Peki dokuz yıla yaklaşan bu savaşta Türkiye ne kazandı ne kaybetti?

Gazeteci Hediye Levent'e göre, sekiz yılın sonunda Türkiye'nin elinde beş milyona yakın mülteci, 'Milli Ordu' olarak nitelendirilen ancak cihatçı artıkları ile dolu, bir nevi saatli bomba olan ve Türkiye'nin Suriye'ye yönelik operasyonlarından 'koçbaşı' gibi kullandığı, savaş suçu işlemekle itham edilen Özgür Suriye Ordusu (ÖSO) ile, uluslararası arenada büyük bir yalnızlaşma kaldı.

Türkiye ile Rusya arasında, 22 Ekim'de Soçi'de varılan 'Kuzey Suriye anlaşması'nı değerlendiren Levent, bundan sonraki süreçte, Türkiye'nin Suriye'nin toprak bütünlüğü ile ilgili daha dikkatli ve hassas olmaya zorlanabileceğini belirtti.

Türkiye'nin Suriye toprakları olan Afrin ve Azez'deki varlığının, 'Suriye'nin toprak bütünlüğünü tanıyoruz' yaklaşımını boşa düşürdüğüne değinen Levent, "Türkiye niye Suriye Milli Ordusu’nu destekliyor? Suriye’de rejim değiştirmeyi mi hedefliyor? Türkiye’nin Suriye’deki manevra alanı artık daralmıştır. Özellikle son dönemlerde ABD ve Rusya’yı birbirlerine karşı koz olarak kullanarak, varlığını bugüne kadar getirdi. Ama artık hat çevirecek alan kalmadı. Türkiye, Şam ile görüşmek zorundaydı. Soçi’de yapılan anlaşma çerçevesinde bu süreç başladı. Başlamasaydı sahadaki gelişmeler belki çok daha ağır şartlarda Şam’la görüşmeye mecbur edebilirdi" yorumunu yaptı.

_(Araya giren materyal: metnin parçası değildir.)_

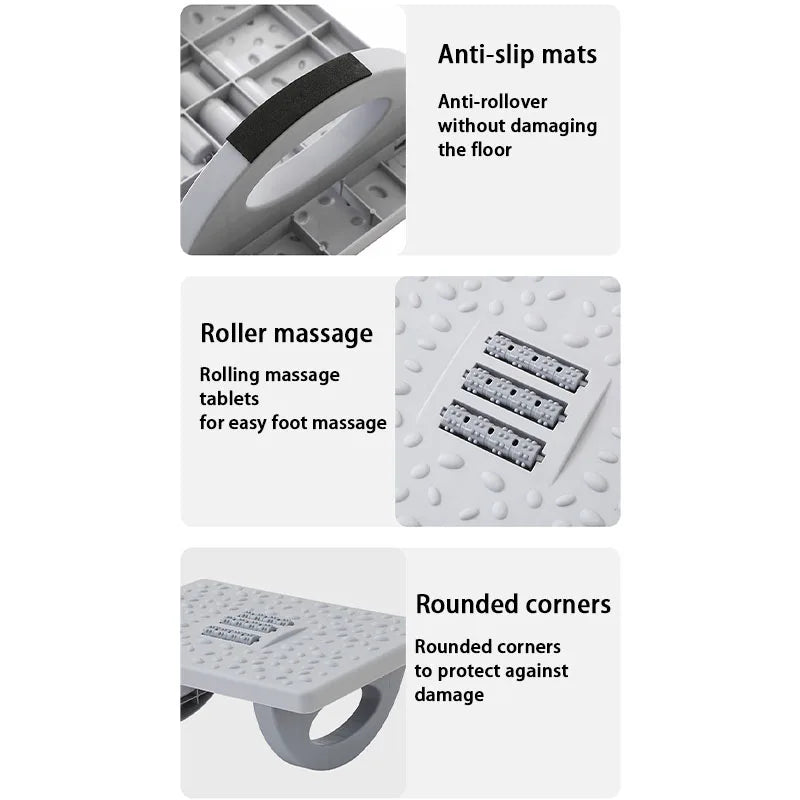 Repose-Pieds Ergonomique à Bascule avec Massage | Confort Bureau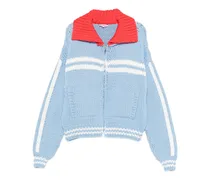 Cardigan mit Streifendetail - Blau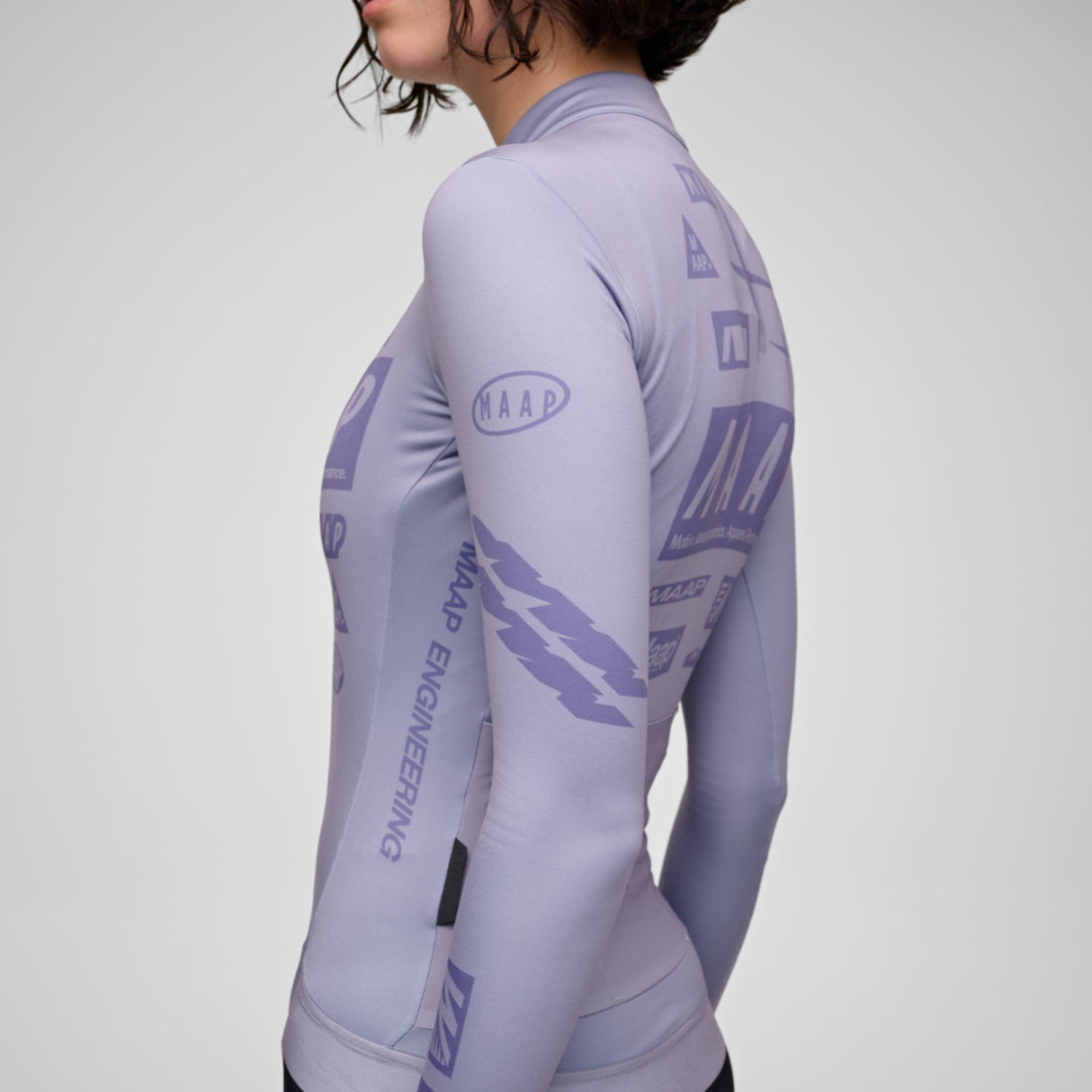 Maglia maniche lunghe donna Maap Drome Thermal - Grigio scuro Maap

ÖSO'nun 30 bileşeninden 17'sinin Rusya tarafından terörist sayıldığına işaret eden Levent, "Diğer taraftan Türkiye’nin terörist saydığı YPG’yi Rusya ve Şam rejimi terörist saymıyor. Yani kimin terörist olup kimin terörist olmadığı gibi bir durumu var. Bu durum önümüzdeki günlerde sahadaki siyasi pazarlıkla devam edecek" ifadelerini kullandı.

Levent, Türkiye açısından Suriye'deki iç savaştan geriye kalanlarla ilgili de şu yorumu yaptı:

"Türkiye’nin elinde binlerce mensubu olan bir ‘Milli Ordu’ ve 5 milyona yakın mülteci kaldı. Korkunç bir şekilde yalnızlaşan bir Türkiye var. Artık günümüzde Trump’ın bir Tweet ile bir gecede bilmem kaç milyon dolar borcumuzun arttığı kırılgan bir ekonomisi olan bir ülke kaldı. Suriye sahasına dönecek olursak bu süreç, ‘Rejim değiştirmek birkaç hafta sürer. Ondan sonra her şey yoluna girecek’ şeklinde başladı.

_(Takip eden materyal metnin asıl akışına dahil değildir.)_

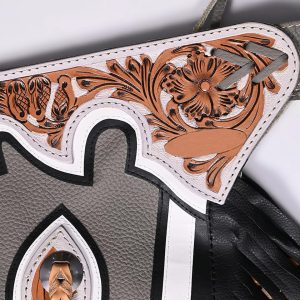 Gray Rodeo Leather Chaps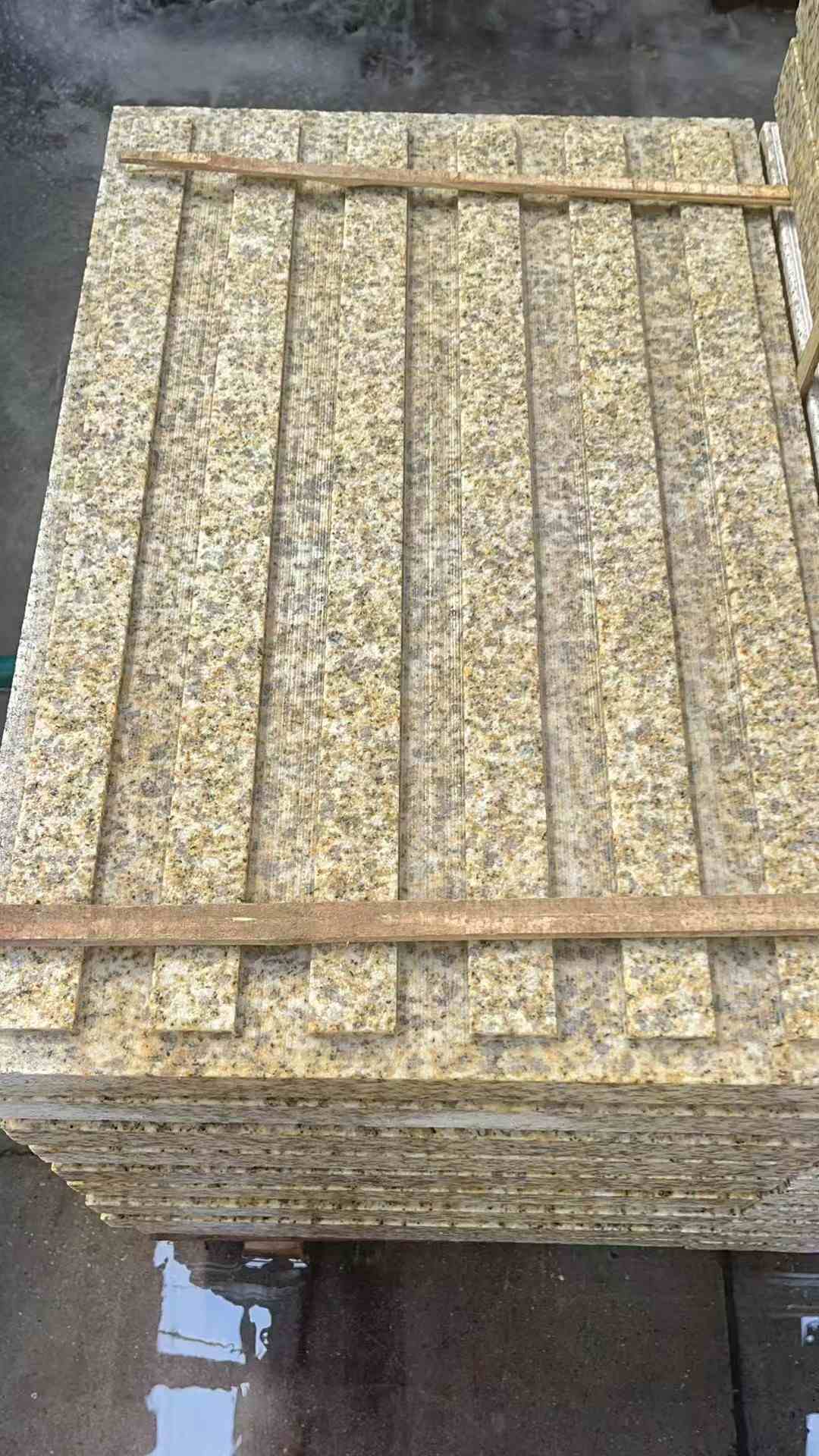 随州黄金麻盲道 石材盲道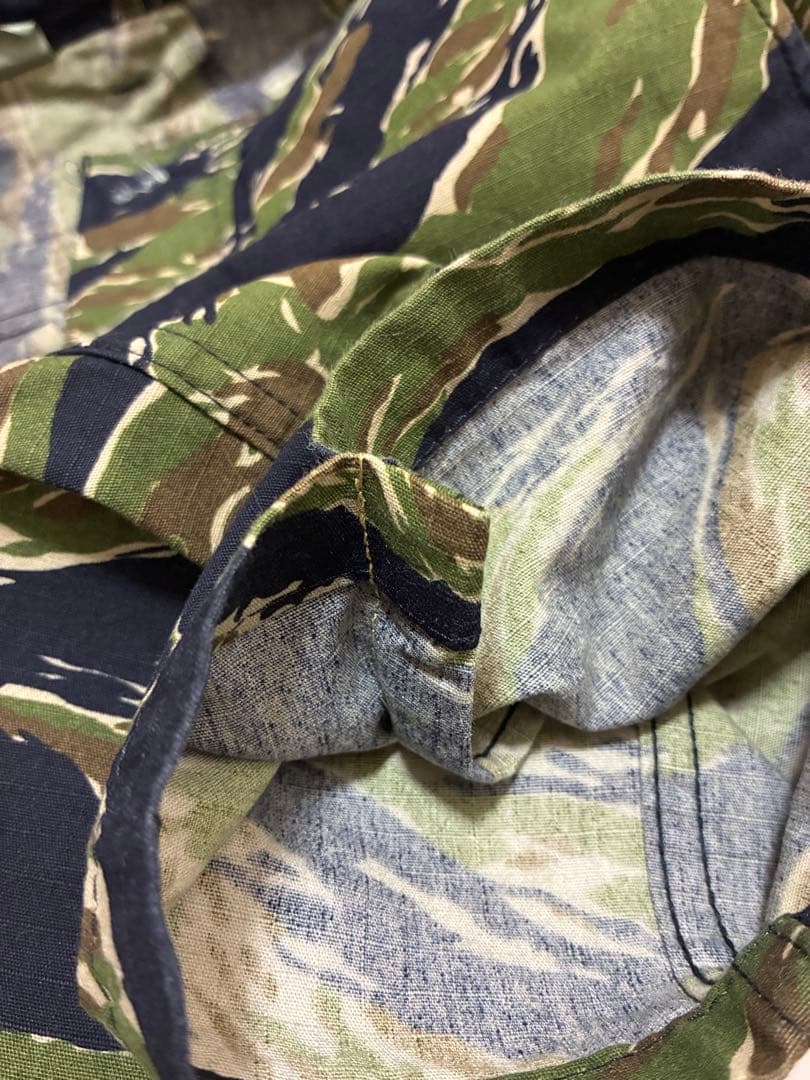 カスタム タイガーストライプ パンツ ストレート タイガーカモ ゴールドタイガー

Ancak en nihayetinde Türkiye Suriye’de atacağı adımlar konusunda Rusya’ya bağımlı hale geldi. İşin daha da trajiği Türkiye 900 kilometre sınırı olan Suriye ile artık Rusya’nın çerçevesini, içeriğini belirlediği bir formatta ilişkilerini başlatacak. Bunlar göz önüne alınınca bir kazanım elde etti demek doğru olmaz."